Weird Internet disappearance on Archer C7v2

I did that and it did not help. I even compiled my own build from trunk with nothing added but fast classifier. It still happens

I think you've still got a MAC conflict as the table with show that MAC address both on the WAN bridge's interface, as well as on link for the LAN bridge. Even though not on the same link, likely within the same resolution table.

I'm pretty sure that if you're going to "steal" your PC's MAC, you'll need to replace it with a locally administered MAC.

1 Like

I believe if that was the case, it'd happen right away, not when under load

Still happening, even with ath79 build from master. Happens only under high load and dmesg doesn't show anything. Blocks

Did you give your PC a locally administered MAC?

If not, you've still got a L2 routing problem as the router has the MAC as permanent on one of its interfaces, yet it's coming on on another.

1 Like

If that is the problem, how can you explain it only happening under high load?

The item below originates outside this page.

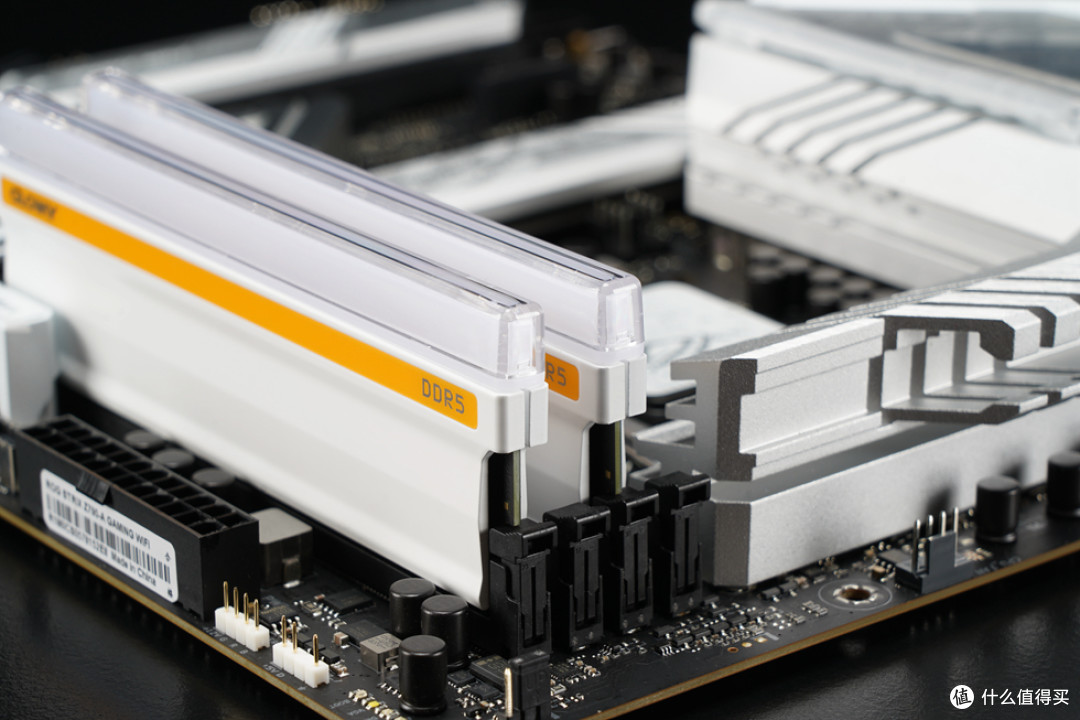 「内外兼修」Abee Pixel One机箱+ROG Z790吹雪主板+影驰 RTX4070显卡装机分享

Alternatively, you can prove everyone wrong by trying their suggestion.

1 Like

I'd have to agree with @fantom-x:

If you don't understand why this a MAC conflict, I don't think explaining resolution tables will make anything more clear to you. I'll simply reiterate:

How about I ask you a question:

A router has the OEM MAC address yy:yy:yy:yy:yy:yy. I clone the MAC of one of my clients: xx:xx:xx:xx:xx:xx. It keeps the same MAC address per your statement:

QUESTION IS: PLEASE EXPLAIN HOW THE LAN DEVICES KNOW WHICH MACHINE xx:xx:xx:xx:xx:xx is the ROUTER (INTERNET GATEWAY), OR THE LAN CLIENT (NO INTERNET GATEWAY)???

This can also be reworded to your specific situation:

Why would router xx:xx:xx:xx:xx:xx send a packet to ITSELF (THE CLIENT) at xx:xx:xx:xx:xx:xx???

I have changed PC's MAC and will let you know if this solves anything. Still, it seems no one can explain why this would only cause issue under high load.

:rofl:

OK...here goes. IF CORRECTING THE MAC CONFLICT THIS FIXES THE PROBLEM, THIS WOULD BE WHY:

As @jeff already said:

As I just said:

NOW FOR ARP TABLES!

Address Resolution Protocol is actually a Layer 2 protocol that links Layer 3 (IP Addresses) to itself (the MAC addresses). It's important to note here, that ARP is carried out by ALL devices that need to know the IP address of send traffic to a IPv4 device connected directly by Ethernet.

SO WHAT HAPPENS UNDER HIGH LOAD???

If you managed to follow me this far...

LAN CLIENTS: "Where IS 192.168.1.1?"
ROUTER: " 192.168.1.1 is at xx:xx:xx:xx:xx:xx."
CLONED LAN CLIENT: "Where IS 192.168.1.1?"
ROUTER: "WAIT, I'M xx:xx:xx:xx:xx:xx!!!"

Despite your belief, only one device can be xx:xx:xx:xx:xx:xx - as far as the router is concerned.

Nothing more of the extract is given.